Até o momento, 246 vítimas foram identificadas e outras 24 continuam desaparecidas – a operação de buscas ainda está em curso. A maior parte era funcionário da Vale – próprios ou terceirizados.
A CPI do Senado é a primeira investigação oficial sobre a tragédia de Brumadinho a chegar a uma conclusão.
Por nota, a Vale disse que “respeitosamente discorda da sugestão de indiciamento de funcionários e executivos da companhia”. “A Vale considera fundamental que haja uma conclusão pericial, técnica e científica sobre as causas do rompimento da barragem B1 (a barragem principal, que se rompeu) antes que sejam apontadas responsabilidades”, continua.
A BBC News Brasil não localizou representantes da Tuv Sud para comentar o relatório da CPI até a publicação desta reportagem.
Provas analisadas apontam problemas prévios
O relatório final chegou a quatro conclusões a respeito do rompimento da barragem da Vale em Brumadinho.
Primeiro, diz o texto, houve deficiências tanto na construção como no alteamento (ou seja, ampliação) da barragem, especialmente em relação ao sistema de drenagem. Em junho de 2018, quando ocorreu a revisão periódica da barragem, nem a Vale nem a auditoria contratada encontraram a documentação das obras dos dez alteamentos, todos à montante, ocorridos desde a construção da barragem, em 1976.
Além disso, segundo o relatório da CPI, um consultor contratado pela Vale teria feito duas escavações simples na barragem, em junho de 2018, de onde teria saído água em profusão, “demonstrando que o sistema de drenagem era insuficiente ou não tinha a manutenção adequada”.
A segunda conclusão é que, no ano que antecedeu ao rompimento, teriam sido detectados sinais de que havia riscos à estabilidade da barragem.
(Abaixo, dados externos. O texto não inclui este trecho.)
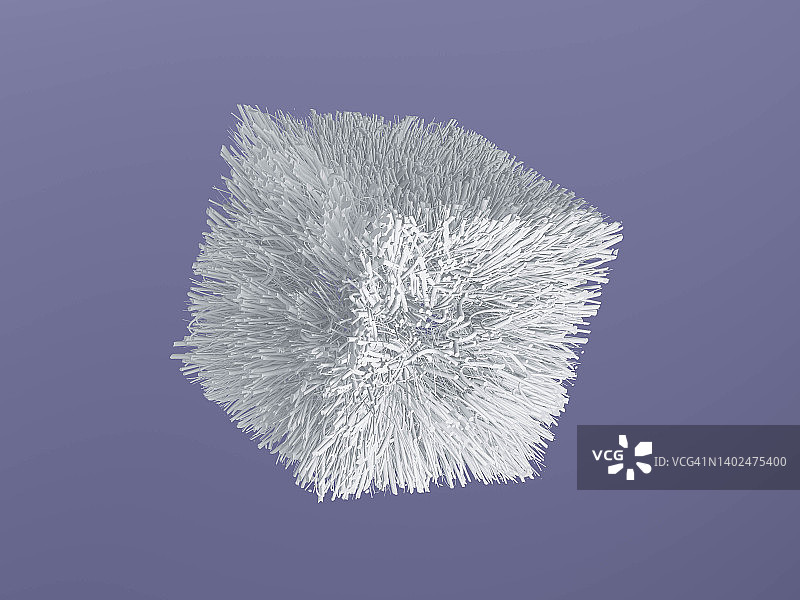 立方体造型的塑料管道抽象艺术图片素材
Uma delas teria ocorrido em junho de 2018, quando foi instalado um dreno horizontal profundo, gerando um “grave evento de fraturamento hidráulico”.
“No rompimento da barragem, as imagens de vídeo mostram um forte fluxo de água surgindo do mesmo ponto onde ocorreu o fraturamento hidráulico”, diz o resumo do relatório apresentado na CPI.
Outro problema é que, a partir de dezembro de 2018, um radar teria detectado “deformação positiva, gradual e constante na barragem”.
A terceira conclusão do relatório é que profissionais da Vale interferiram na produção e revisão de laudos de segurança feitos por empresas de auditorias, que deveriam ser independentes. Uma troca de e-mails demonstraria, por exemplo, que uma funcionária da Vale tinha acesso aos relatórios e alterava seu conteúdo, antes que fossem formalmente apresentados à Vale e à Agência Nacional de Mineração.
Por último, o relatório conclui que pessoas que ocupavam altos cargos na Vale estavam cientes dos riscos na barragem de Brumadinho e das medidas que seriam necessárias para aumentar sua segurança.
Uma das provas seria uma troca de e-mails entre gerentes e diretores da Vale, em que a “mensagem inicial destaca a necessidade de haver mais investigação e monitoramento da barragem, além de apontar medidas complementares para reduzir o risco atual”.